Brain: tea may stimulate nerve cells to make more apo-A, a protein which may help delay the onset of dementia associated with Alzheimer’s disease.
Teeth: tea is a rich source of natural fluoride, and together with tea flavonoids, may help combat cavity-causing bacteria and plaque.
Weight: green tea flavonoids have been found to stimulate the body’s ability to burn calories by increasing fat oxidation and thermogenesis (heat production).
Research also demonstrates how different teas can benefit your body. “The various forms of tea-white, green, oolong and black-contain different profiles of individual flavonoids, the antioxidant phytonutrients responsible for many of the health benefits attributed to tea,” explains Professor Jeffrey Blumberg, PhD at the Friedman School of Nutrition Science and Policy at Tufts University. “Studies of large populations reveal a dose-response relationship, that is, the more tea people consume, the lower their risk for conditions like cancer and heart disease.”
Tea is also a way to add beneficial phytonutrients to your diet. “Think of tea as another way to eat more plant foods — two cups of tea provide as many flavonoids as a serving of fruits or vegetables,” concludes Dr.
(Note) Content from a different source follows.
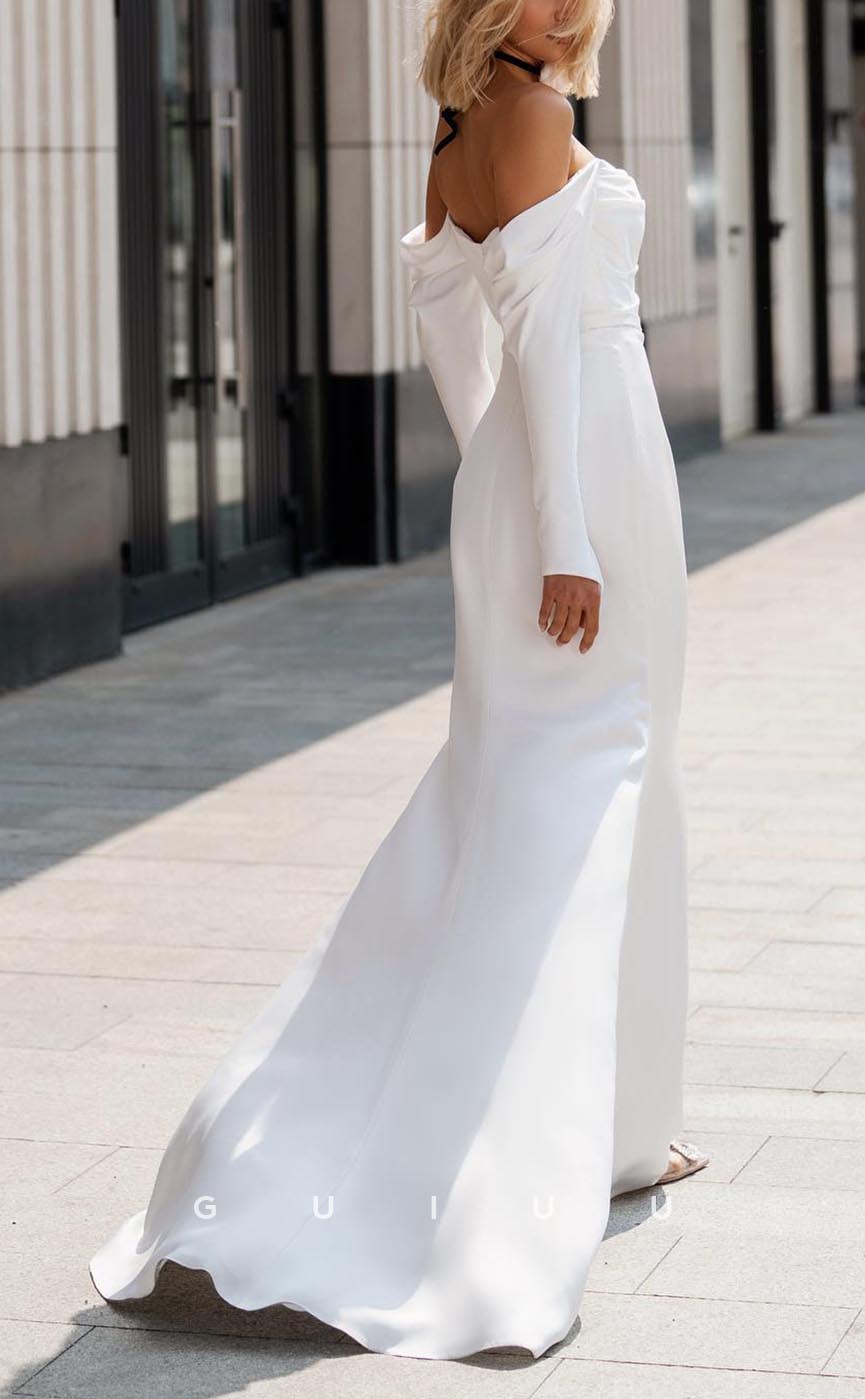 GW628 - Sexy & Hot Sheath Off Shoulder Long SleevesDraped Wedding Dress with Overlay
Blumberg. “The flavonoid content of tea is highest in freshly brewed, high quality teas, while iced tea and bottled teas are much more dilute.”
To get the most from your teacup, Dr. Kinsinger recommends the following:
Drink at least two 8-ounce cups daily of white, green, oolong or black tea.
Drink freshly brewed, high-quality teas.
Eat a well-balanced diet. While tea contains high levels of healthful flavonoids, fruits and vegetables offer vital sources of vitamins, minerals, fiber and antioxidants not found in other food groups. Visit our website Teas.com.au to check out what tea can compliment your taste.
Dr. Kinsinger concurs, “The bottom line is, drinking tea is good for you. We’re still discovering just how good and how far-reaching the benefits of tea drinking can be.”